Il est difficile d’évaluer le niveau de fortune de Durnford. Certes, son salaire d’officier de génie, sa charge de commandant des ingénieurs ainsi que les différentes allocations auxquelles il a droit le placent presque au sommet de la rémunération de l’armée britannique. Il entretient continuellement plus d’un domestique, quelquefois trois ou quatre. Ses fils étudient dans des établissements privés en Angleterre, et il leur fournit des allocations dignes de leur rang. Enfin, Durnford voyage souvent. Cependant, malgré plusieurs démarches, dont un voyage de six mois aux États-Unis en 1820 et plusieurs recours judiciaires en 1838, il ne peut profiter des nombreuses terres que possédaient son père et l’une de ses tantes en Floride et à La Nouvelle-Orléans : on a confisqué ce patrimoine au moment de la perte des colonies, et les titres sont perdus. On ignore s’il touche quelque argent laissé par son père au bénéfice de sa mère mais, à la mort du second mari de sa mère, il hérite de £1 000 (cours d’Angleterre).
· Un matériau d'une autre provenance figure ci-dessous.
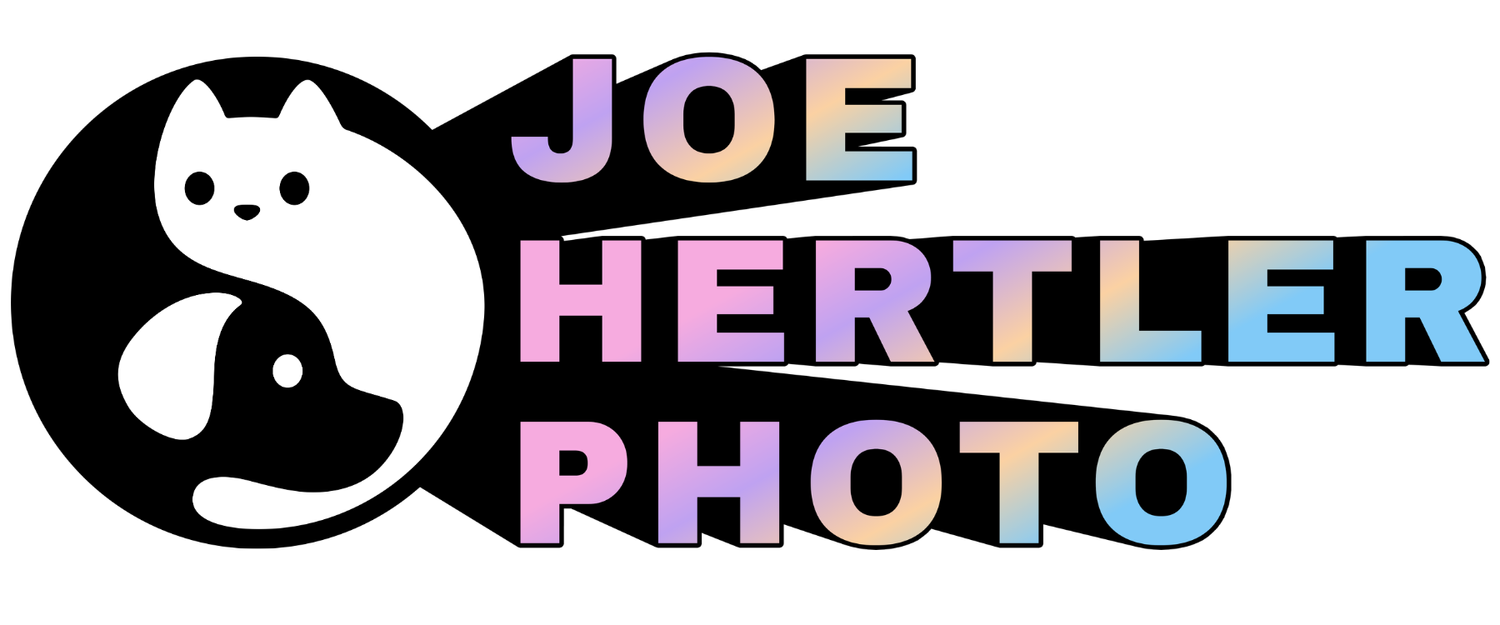 JOE HERTLER PHOTO (&amp; FILM)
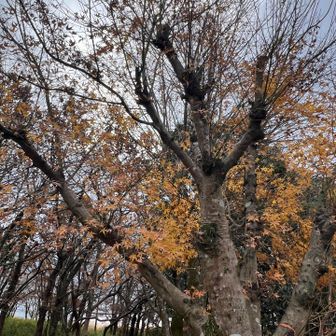 紅葉🍁見つけた💡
En somme, la carrière d’Elias Walker Durnford est principalement axée sur l’administration et ne comporte pas d’apport scientifique important au génie militaire. Le nom de Durnford demeure toutefois célèbre au sein du génie royal, puisque 11 membres de cette famille en perpétuent la présence pendant plus de 150 ans. Outre le père et deux des fils d’Elias Walker, on retrouve son frère Andrew et quatre de ses descendants, ainsi que deux autres Durnford dont on ignore la filiation. La lignée d’un autre fils d’Elias Walker, Philip, assure encore aujourd’hui la présence des Durnford au Canada.

André Charbonneau

Quelque temps avant sa mort, Elias Walker Durnford entreprend la rédaction de son autobiographie, œuvre qui ne sera jamais achevée. Une première partie fut publiée en 1850, l’année de sa mort, dans le Colburn’s United Service Magazine (Londres), part. ii : 605–614, sous le titre de « Scenes in an officer’s early life at Martinique, Guadeloupe, &c., during the years 1794 & 1795, recalled in advanced years ».
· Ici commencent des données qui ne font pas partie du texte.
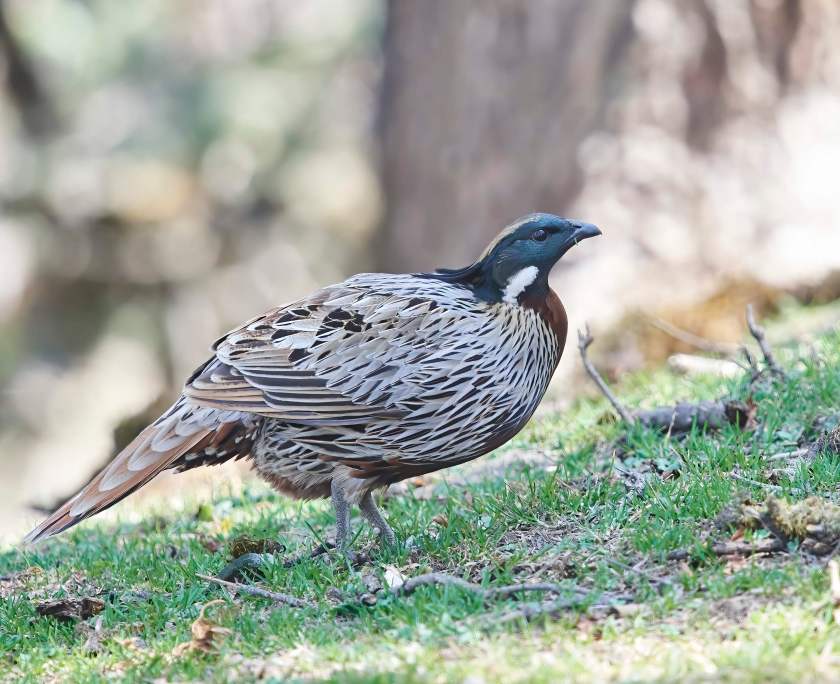 YOG_2625-DeNoiseAI-standard-DeNoiseAI-standard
ANQ-Q, CE1-71 ; CN1-16 ; CN1-49.— APC, MG 24, F73 ; RG 8, I (C sér.), 393–441 ; II, 80–81.— Arch. privées, E. A. Durnford (Montréal), notes et doc.— PRO, CO 42/136–42/200 ; WO 55/860–55/868.— Family recollections of Lieut. General Elias Walker Durnford, a colonel commandant of the Corps of Royal Engineers, Mary Durnford, édit. (Montréal, 1863).— List of officers of the Royal Regiment of Artillery from the year 1716 to the year 1899 [...], John Kane et W. H. Askwith, compil. (4e éd., Londres, 1900).— A. J. H. Richardson et al., Quebec City : architects, artisans and builders (Ottawa, 1984).— Roll of officers of the Corps of Royal Engineers from 1660 to 1898 [...], R. F. Edwards, édit. (Chatham, Angl., 1898).— J. E. Candow, A structural and narrative history of Signal Hill National Historic Park and area to 1945 (Canada, Direction des parcs et lieux hist. nationaux, Travail inédit, no 348, Ottawa, 1979).— André Charbonneau et al., Québec ville fortifiée, du XVIIe au XIXe siècle (Québec, 1982).— Whitworth Porter et al., History of the Corps of Royal Engineers (9 vol. parus, Londres et Chatham, 1889–   ; réimpr. des vol. 1–3, Chatham, 1951–1954).— J.-P. Proulx, Histoire de St-John’s et de Signal Hill (Canada, Direction des parcs et lieux hist. nationaux, Travail inédit, no 339, Ottawa, 1978).— A. G. Durnford, « A unique record », Royal Engineers Journal (Brompton, Angl.), [nouv. sér.], 2 (1909).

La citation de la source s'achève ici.